On Tue, Jun 23, 2015 at 04:57:26PM -0300, Paulo Zanoni wrote:
> 2015-06-18 5:30 GMT-03:00 Daniel Vetter <daniel.vetter at ffwll.ch>:
> > The current code tracks business across all pipes, but we're only
> > really interested in the one pipe DRRS is enabled on. Fairly tiny
> 
> s/DRRS/PSR/
> 
> > optimization, but something I noticed while reading the code. But it
> > might matter a bit when e.g. showing a video or something only on the
> > external screen, while the panel is kept static.
> >
> > Also regroup the code slightly: First compute new bitmasks, then take
> > appropriate actions.
> 
> One of the ideas I had last year was to implement a way to tell user
> space (possibly through debugs) when FBC/PSR gets enabled/disabled. My
> initial idea was to do this through timestamps. Our IGT suite would
> then verify those timestamps: if we have 2 pipes enabled, then we
> write on the non-FBC buffer, the FBC timestamps can't change. This
> type of test would catch exactly the bug you're solving here.
> 
> I even implemented this, and added support for it on
> kms_frontbuffer_tracking, but I ended never sending the Kernel patch
> to the list due to the possible slowness created by the constant
> timestamp generation. Maybe I should resurrect this and hide it under
> some debug kconfig option. I also considered maybe moving the
> implementation from timestamps debugfs file events, or maybe tracing
> code, or something else. Ideas and bikesheds are welcome here.
> 
> So I added some debug messages to the PSR code, then I ran:
> sudo ./kms_frontbuffer_tracking --run-subtest
> psr-2p-scndscrn-pri-sfb-draw-mmap-cpu --step --step
> 
> And I kept watching dmesg as I stepped. Without the patch, I could see
> psr being disabled/enabled as we were writing on the secondary screen
> frontbuffer. With the patch, we stop calling intel_psr_exit()!
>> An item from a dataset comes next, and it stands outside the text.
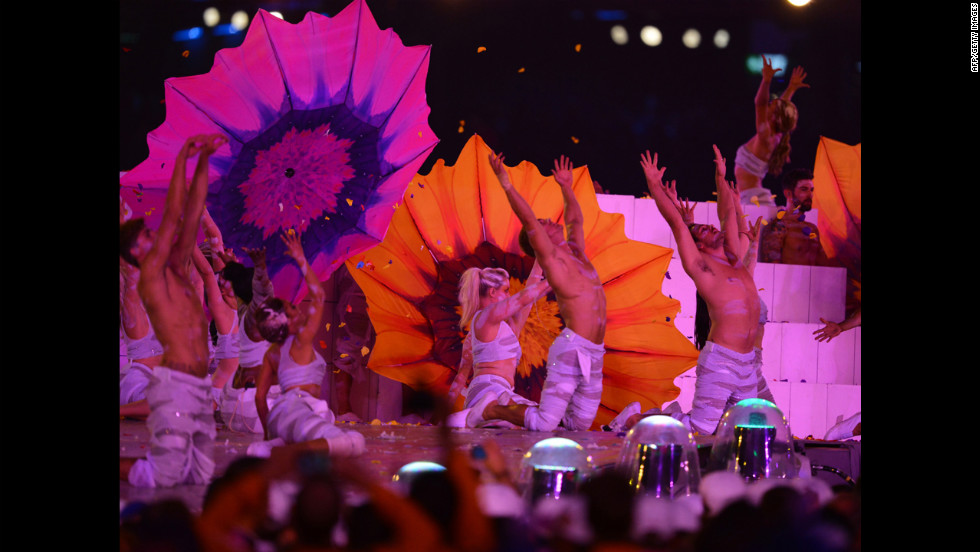 Artists perform at the Olympic stadium.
So:

I think there's two cases really: Adding tracepoints to watch the psr or
frontbuffer code could certainly be useful.

For testcases otoh I'm not in favour of coupling them tightly with the
current kernel implementation. If we only check behavior (like residency
or captured CRCs) we can change the kernel implementation (like e.g.
switch away from hw tracking or the other way round) without any changes
to testcases. If we couple tests tightly with such tracepoints/timestamps
then we might accidentally break the testcase while changing it.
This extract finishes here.